Caption-style text data

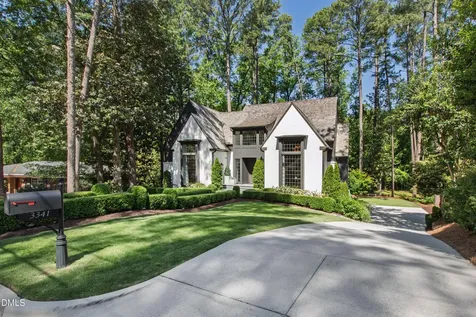 3341 Coleridge Drive Raleigh NC 27609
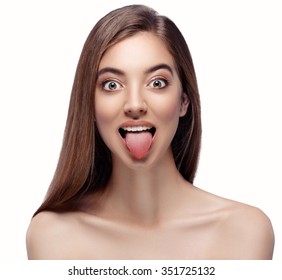 9,213 Girl open mouth tongue Images, Stock Photos & Vectors | Shutterstock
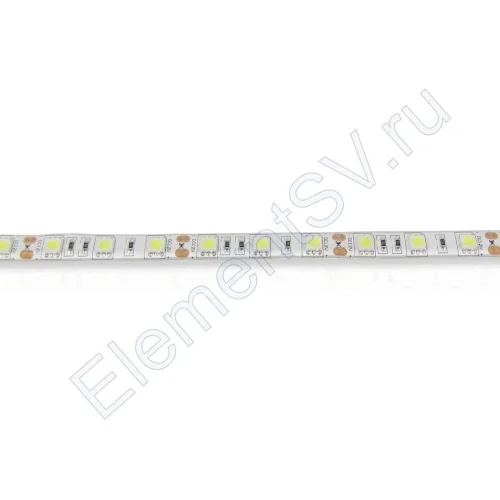 Светодиодная лента Standart class, 5050, 60led/m, White, 12V, IP65, G34 - фото 2.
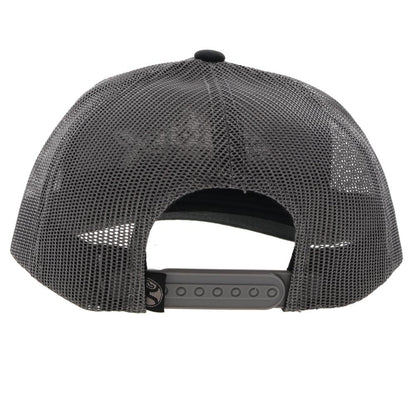Hooey Habitat Aztec Fish Black/Grey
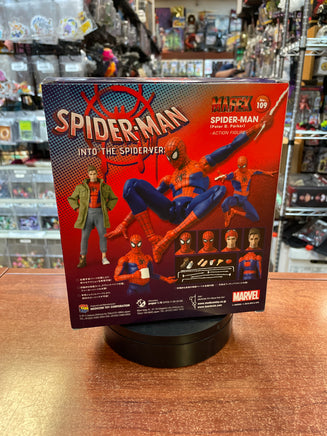 Peter B. Parker (Medicom Mafex, Spider-Man Into The Spider-Verse) SEALED - Bitz & Buttons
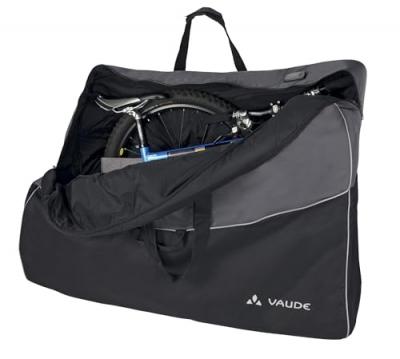 Vaude Big Bike Bag - Sacoches vlo Black Anthracite Taille unique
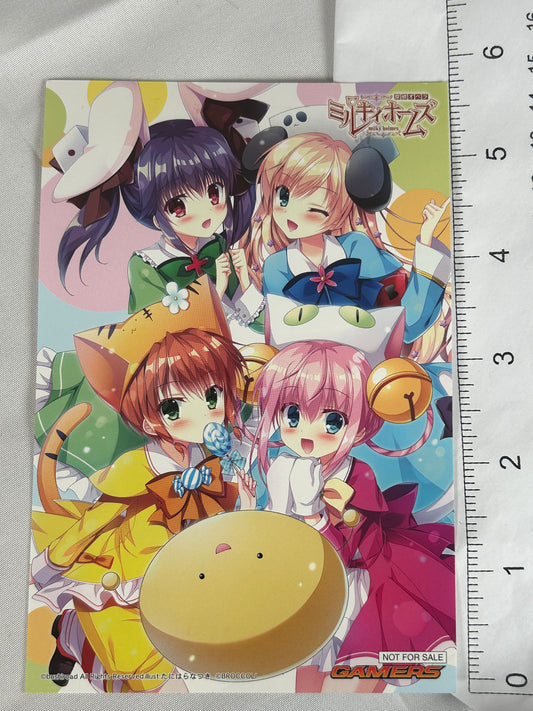 Milky Holmes 10th Anniversary Main Visual Small Art Print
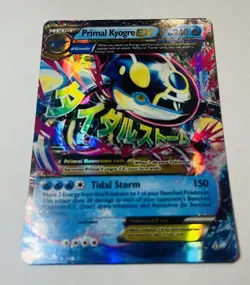 Primal Kyogre Mega EX 55/160 Pokemon TCG XY Primal Clash Ultra Rare NM - Image 4
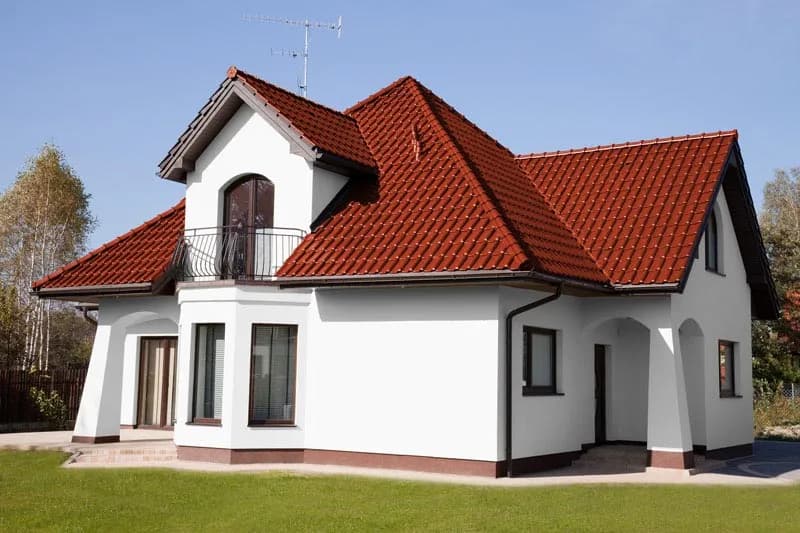 Ceglasty dach jaki kolor elewacji - uniknij błędów w wyborze!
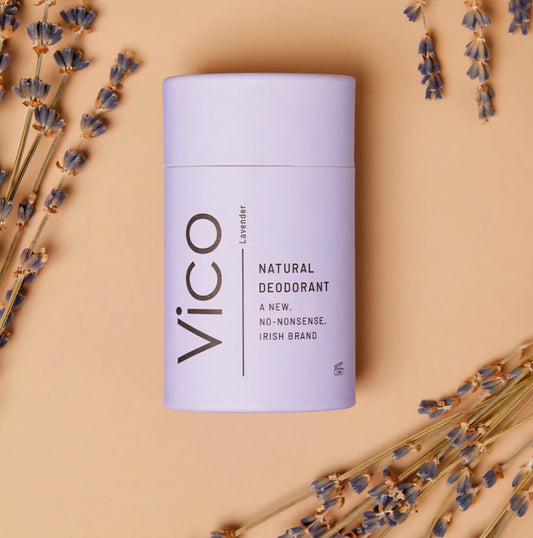 Vico Natural Deodrant. Irish made.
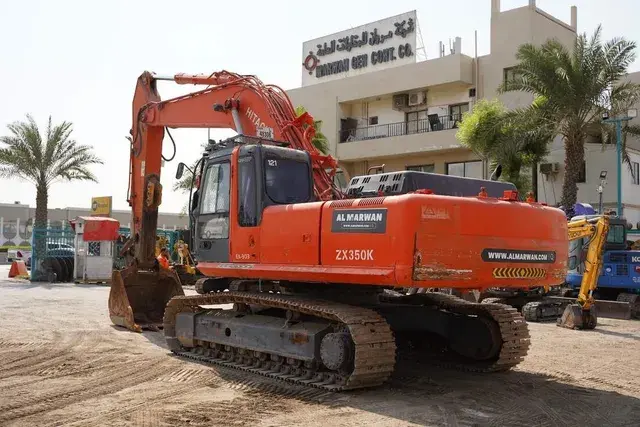Get Your 2005 Hitachi ZX350K Track Excavator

→ **WHAT YOU NEED TO DO**
The entries above should be retyped word for word, with all pictures omitted.

→ **EXERCISE OUTPUT**
 3341 Coleridge Drive Raleigh NC 27609
 9,213 Girl open mouth tongue Images, Stock Photos & Vectors | Shutterstock
 Светодиодная лента Standart class, 5050, 60led/m, White, 12V, IP65, G34 - фото 2.
Hooey Habitat Aztec Fish Black/Grey
 Peter B. Parker (Medicom Mafex, Spider-Man Into The Spider-Verse) SEALED - Bitz & Buttons
 Vaude Big Bike Bag - Sacoches vlo Black Anthracite Taille unique
 Milky Holmes 10th Anniversary Main Visual Small Art Print
 Primal Kyogre Mega EX 55/160 Pokemon TCG XY Primal Clash Ultra Rare NM - Image 4
 Ceglasty dach jaki kolor elewacji - uniknij błędów w wyborze!
 Vico Natural Deodrant. Irish made.
Get Your 2005 Hitachi ZX350K Track Excavator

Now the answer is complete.